Any choice between May, Johnson, Davis and Rees-Mogg feels something like making a selection from a Brexit colour chart. There’s only an option between hard and soft Brexit, or posh and not quite so posh.
No one presents an inspiring but plausible post-2019 vision of the role of government in a digital age and how economic fairness can be facilitated (Ms May has at least addressed such issues, only never to successfully fully follow through with policy). The witticism of Johnson and Rees-Mogg is a Tory leadership issue; localism – as a means of empowering the population – is not.
This is not a criticism solely of the right. Labour appears drunk in an idealist fervour in which money can be thrown around and all the problems go away. The comments of a senior trade unionist at its party conference in relation to Birmingham City Council’s refuse strike that “it is not good enough for them to talk of hard decisions – that has no place in a socialist party” rather encapsulates Labour right now.
It is hardly surprising Jeremy Corbyn has caught the imagination of a younger generation. Across the West governing status quos have appeared clueless at supporting their populations. Few workable but fair, fresh ideas emerge from upon high.
If our greatest problem is ensuring fairness – in terms of distributing both wealth and opportunity – in an era of dizzying technological and economic change that pays no heed to governance boundaries, it is hard to believe Britain’s attempted revival of the nation state will prove successful.
The American solution of electing a billionaire to cut the taxes of the few in his own income bracket, and build barriers, may be even more unwise. The widespread revival of nationalist and populist politics, and blaming of immigrants, is thoroughly depressing.

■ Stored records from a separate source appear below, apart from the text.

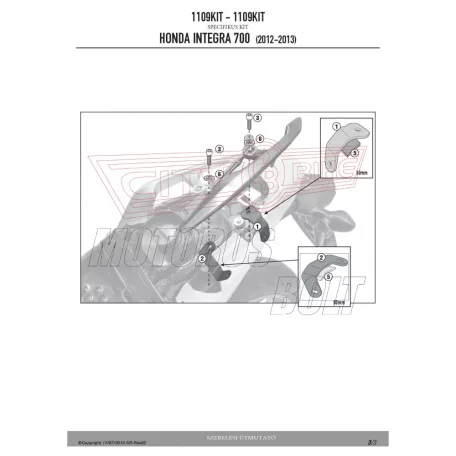 Kiegészítő szett oldaldoboz tartóhoz Honda Integra 700 (12-13) GIVI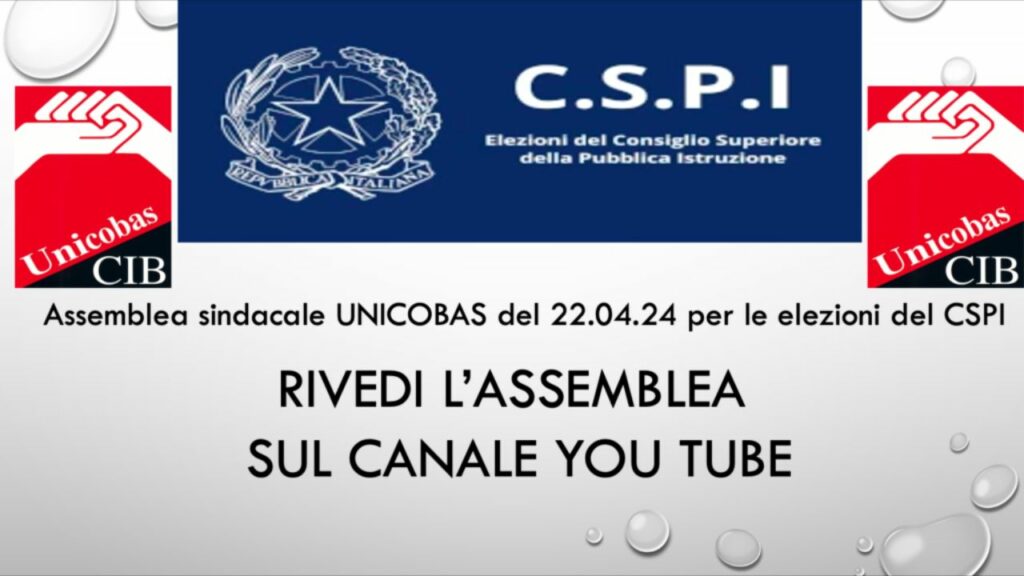 Rivedi l'assemblea dell'UNICOBAS per il CSPI 22.04.24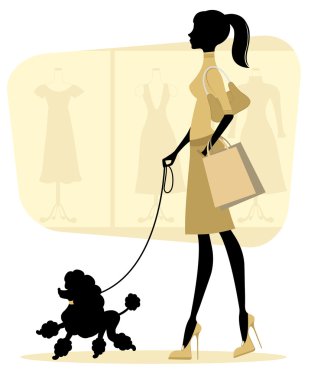 fino köpeği ile yürüyen güzel bir hamile kadın bir çizimi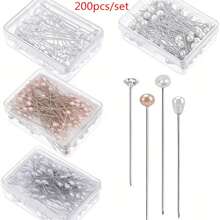 200/320pcs Bouquet Pins Flower Pin,4 Styles Pearl Head PinsCrystal Head Corsage Pins For Dressmaking Jewelry FlowerDecoration(Mixed) Multiple Sizes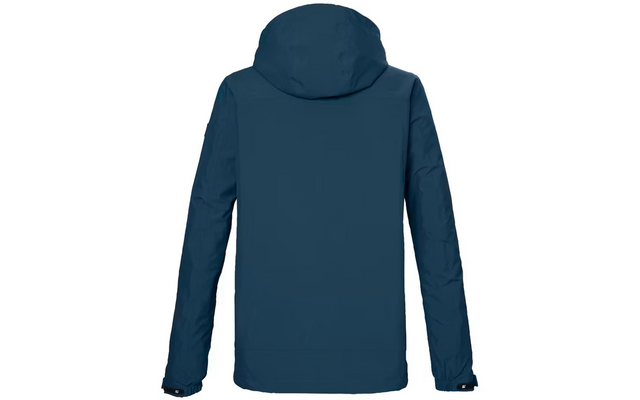 Vista posteriore di una giacca blu scuro con cappuccio, maniche lunghe e orlo dritto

When national leaders lose the plot it’s time for local and regional leaders to step into the breach. In the UK at least, they have seen their powers shorn and their financial freedom diminished. While, of course, they have no more ability to turn tides than their national counterparts, they are not necessarily as hamstrung by convention.
The central focus of the PM’s conference speech was a paltry £2bn for social housing. This drop in the ocean is too small to make a real difference. The fact that it was Ms May’s flagship announcement demonstrates her lack of bravery and how bad economic news restricts her room for manoeuvre. It is no surprise that councils are set to snub the offer when the scale of the challenge is far greater than that. Councils will have to use their own guile to address big issues such as housing, not look to the centre.
Any Conservative leadership contest this side of Brexit would surely result in more of the same. We can only hope that after 2019 there can be a far-reaching debate of Britain’s new course.